Figure 1. FGF15/19 represses PGC-1α and gluconeogenic gene expression

(A) Hepatic gene expression measured by QPCR in mice treated with vehicle, FGF15 or FGF19 for 6 hr (n = 4/group). Mice were fasted during the treatment period. (B) Western blot analysis of PGC-1α in liver homogenates pooled from groups of 4 mice treated with vehicle, FGF15 or FGF19 as in (A). (C) Hepatic gene expression measured by QPCR in overnight fasted mice injected with FGF19 for the indicated times (n = 4/group). (D) Ileum Fgf15 mRNA and plasma insulin levels from fasted-refed mice at the indicated times after refeeding (n = 5/group). (E) Plasma glucose and glucagon levels from fasted-refed mice at the indicated times after refeeding (n = 5/group). (F) Quantification of hepatic phospho-Akt/total Akt, phospho-ERK1/2/total ERK1/2, and phospho-CREB/total CREB from fasted-refed mice at the indicated times after refeeding (n = 4/group). Data are shown as percent of maximal phosphorylation for each protein and represent the mean ± SEM. Different lowercase letters indicate statistical significance (a, P< 0.05; b, P< 0.01; c, P< 0.005; and d, P< 0.001 versus control). See also Fig. S1.

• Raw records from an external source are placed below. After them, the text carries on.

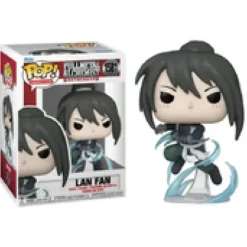 Fullmetal Alchemist: Brotherhood Lan Fan Funko Pop! Vinyl Figure
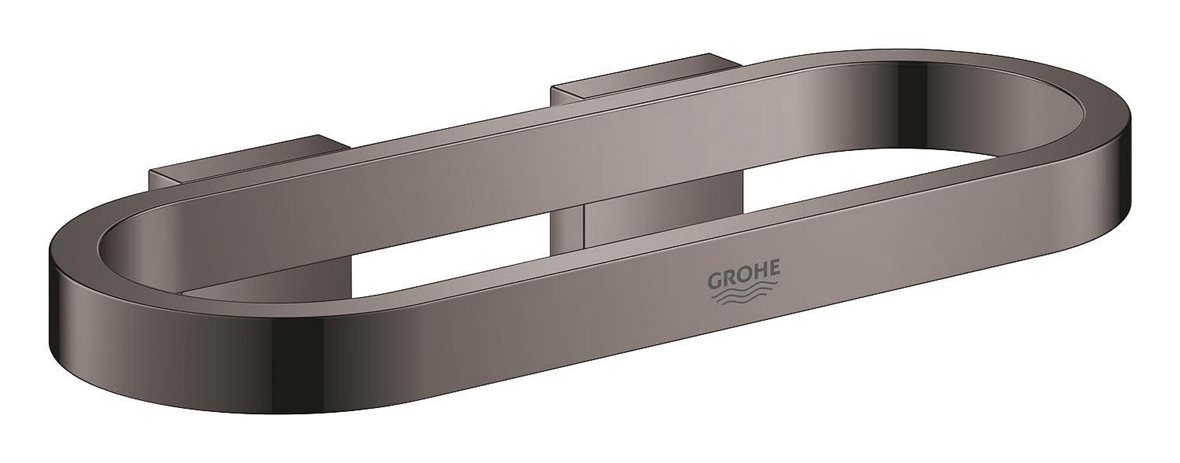 GROHE Selection pyyherengas 20x3x8,5 cm PVD hard graphite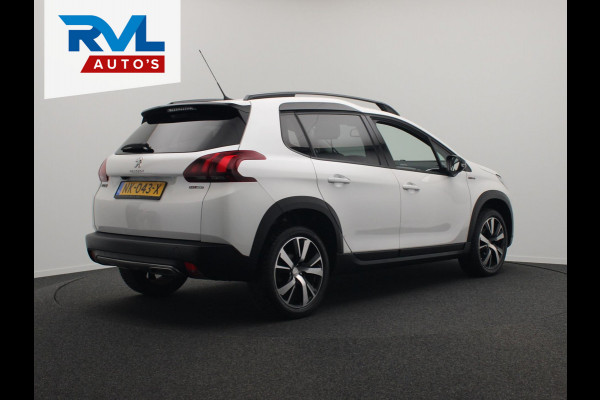 Peugeot 2008 1.2 PureTech GT-line Pano/dak Leder Origineel NL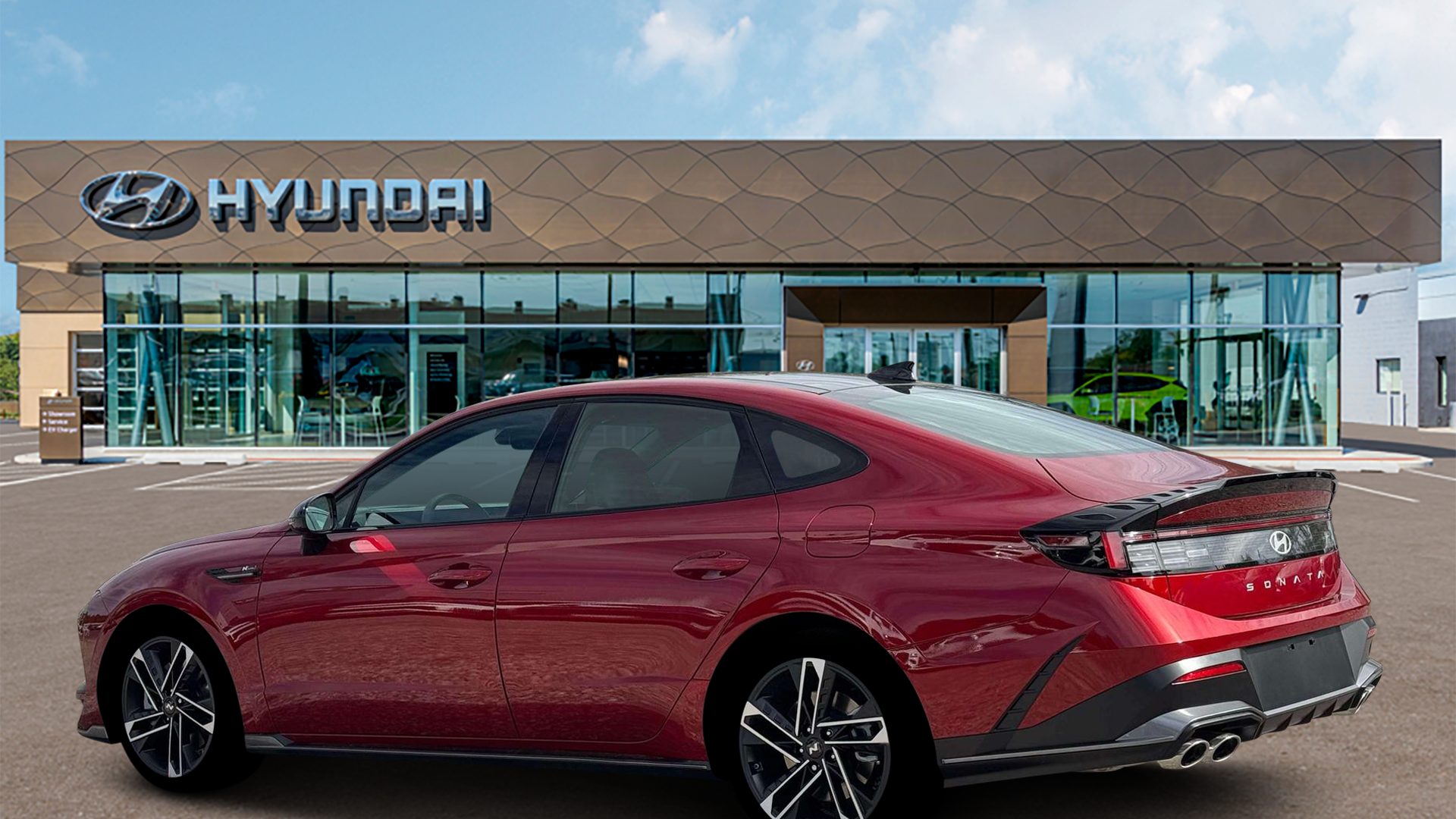 2026 Hyundai SONATA N Line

Figure 2. PGC-1α, but not SHP, is required for FGF15/19 regulation of metabolic gene expression

(A) Hepatic gene expression analyzed by QPCR in groups of PGC-1afl/fl mice administered control (Ad-Con) or Cre-expressing (Ad-Cre) adenovirus and subsequently administered vehicle or FGF19 for 6 hr (n = 5–6/group). Mice were fasted during the treatment period. (B) Hepatic gene expression analyzed by QPCR in groups of wild-type (WT) mice infected with Ad-Con or PGC-1α-expressing adenovirus (Ad-PGC-1α) and subsequently administered vehicle or FGF19 for 6 hr. Mice were fasted during the treatment period. Subgroups of the Ad-Con and Ad-PGC-1α groups were co-administered an FGF15-expressing adenovirus (Ad-FGF15). All mice were fasted during the last 6 hr of the experiment (n = 5–7/group). (C) Hepatic gene expression analyzed by QPCR in groups of WT and SHP-KO mice administered vehicle or FGF19 for 6 hr (n = 4/group). Mice were fasted during the treatment period. Data are presented as mean ± SEM (a, P< 0.05; b, P< 0.01; c, P< 0.005; d, P< 0.001).

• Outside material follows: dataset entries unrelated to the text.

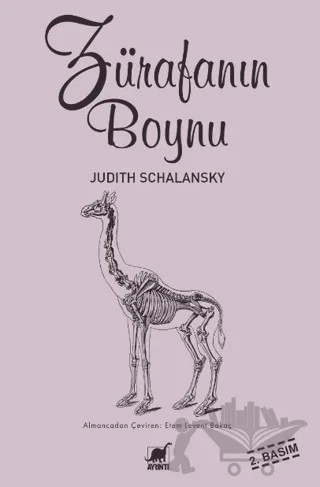 Zürafanın Boynu – Judith Schalansky – Ayrıntı Yayınları kitap kapağı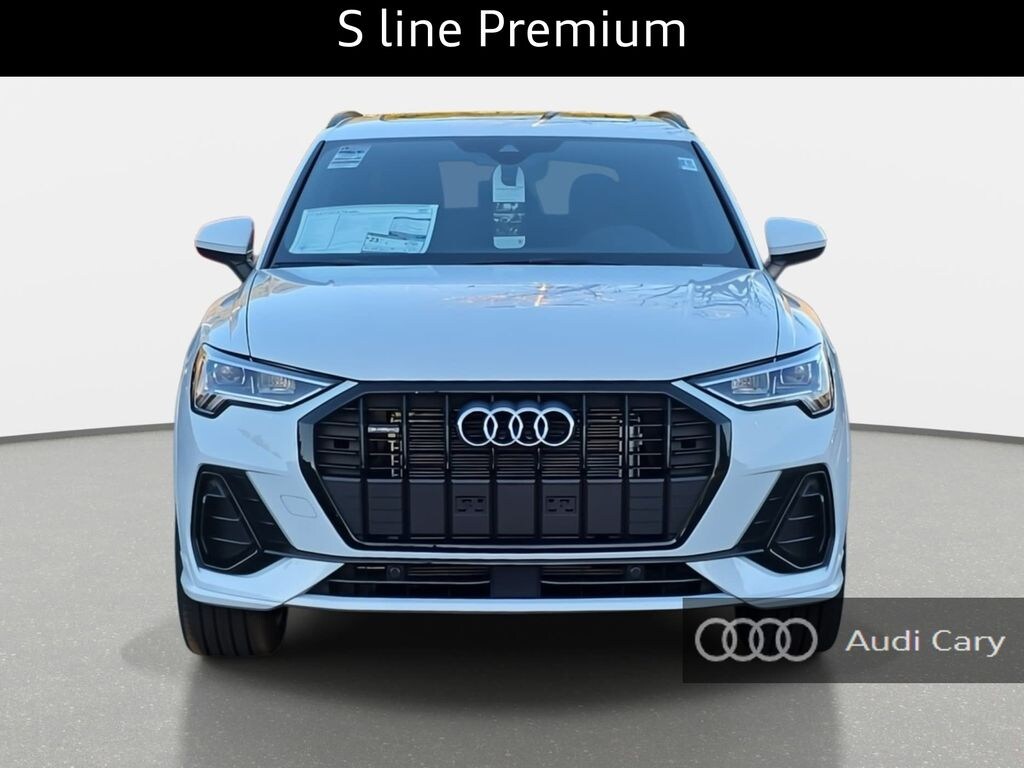 New 2025 Audi Q3 45 S line Premium SUV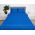Pilota de vară 200x220 Somnart Belina, microfibra, lavabila la masina, vidata, Albastru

Figure 3. FGF15 represses hepatic gluconeogenesis, TCA cycle flux and fatty acid oxidation

(A) Hepatic gene expression measured by QPCR in mice infected with control (Con) or FGF15-expressing adenovirus (Ad-FGF15) for 3 days and then fasted overnight (n = 5/group). (B) Metabolic pathway flux measured by NMR in perfused livers from mice infected with control or FGF15-expressing adenovirus and fasted as in (A) (n = 8/group). (C) Metabolic parameters in mice infected with control (Con) or FGF15-expressing adenovirus (Ad-FGF15) for 3 days and then fasted for 6 hr (n = 8/group). (D, E) Hepatic gene expression measured by QPCR in fed FGF15-knockout (KO) (D) or FGFR4-KO mice (E) or their wild-type (WT) counterparts (n = 6/group). (F, G) Plasma glucose (F) and mole percent (%) labeled glucose versus unlabeled glucose (G) following a labeled pyruvate/lactate challenge in WT and FGF15-KO mice (n = 5–6/group). (H–K) Plasma glucose and insulin concentrations in fasted-refed WT, FGF15-KO and FGFR4-KO mice at the indicated times after refeeding (n = 6/group). Data are presented as mean ± SEM (a, P< 0.05; b, P< 0.01; c, P< 0.005; d, P< 0.001). See also Fig. S2.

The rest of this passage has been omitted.